Recurse Center - Batch 2 - Cycle 20241125-20241127 - Transportation


Transportation

This cycle I flew back home to Florida to be with my family for the holidays, so I've been spending most of my time with them. I did manage to get a few things done however, which is exciting.

Day 1

Today was mostly spent working on getting set up to download the Common Voice dataset and preparing myself to work with it. Some code around downloading, extracting, and converting the mp3 files to wav files can be found in this notebook.

Day 2

I worked more on Zora and created some fun classes and functionality, including a listener class that has two main functions, listen and interpret.

import numpy as np
import torch as t

class Listener:
    def __init__(self, model_architecture, model_weights, interpreter):
        self.model_architecture = model_architecture
        self.model_weights = model_weights
        self.interpreter = interpreter

    def load(self):
        # get our device
        device = t.device("cuda" if t.cuda.is_available() else "cpu")
        print(f"Using device: {device}")

        # load the model
        self.model_architecture.load_state_dict(t.load(self.model_weights, map_location=device))

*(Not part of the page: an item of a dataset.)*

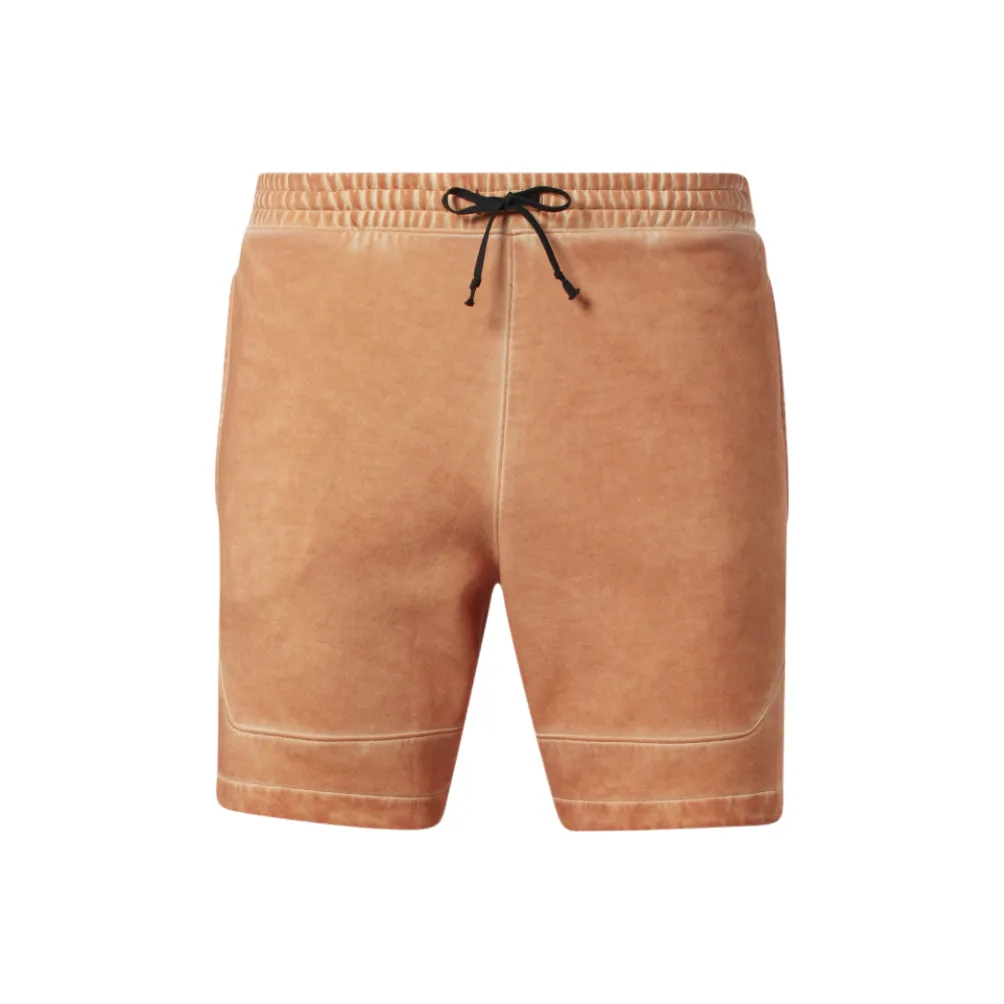 Reebok Basketball Shorts Men's Dark Orange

        # load the interpreter
        self.interpreter.load(self.model_architecture)

    def listen(self, spec):
        # Pass spec into model
        outputs = self.model_architecture(spec)
        prediction = str(outputs.argmax().item())
        print("Model prediction:", prediction)

    def interpret(self, spec):
        self.interpreter.interpret(spec)

Day 3:

Today I started working on downloading the Common Voice dataset for my transformer-based ASR model. It's going to take.... a couple of days to convert the 2459129 mp3 clips into wav files, so we are now sitting back and waiting for that to happen.

Things for next cycle

A little bit of the same for next cycle: working on Zora, working on ARENA and helping out with Heap.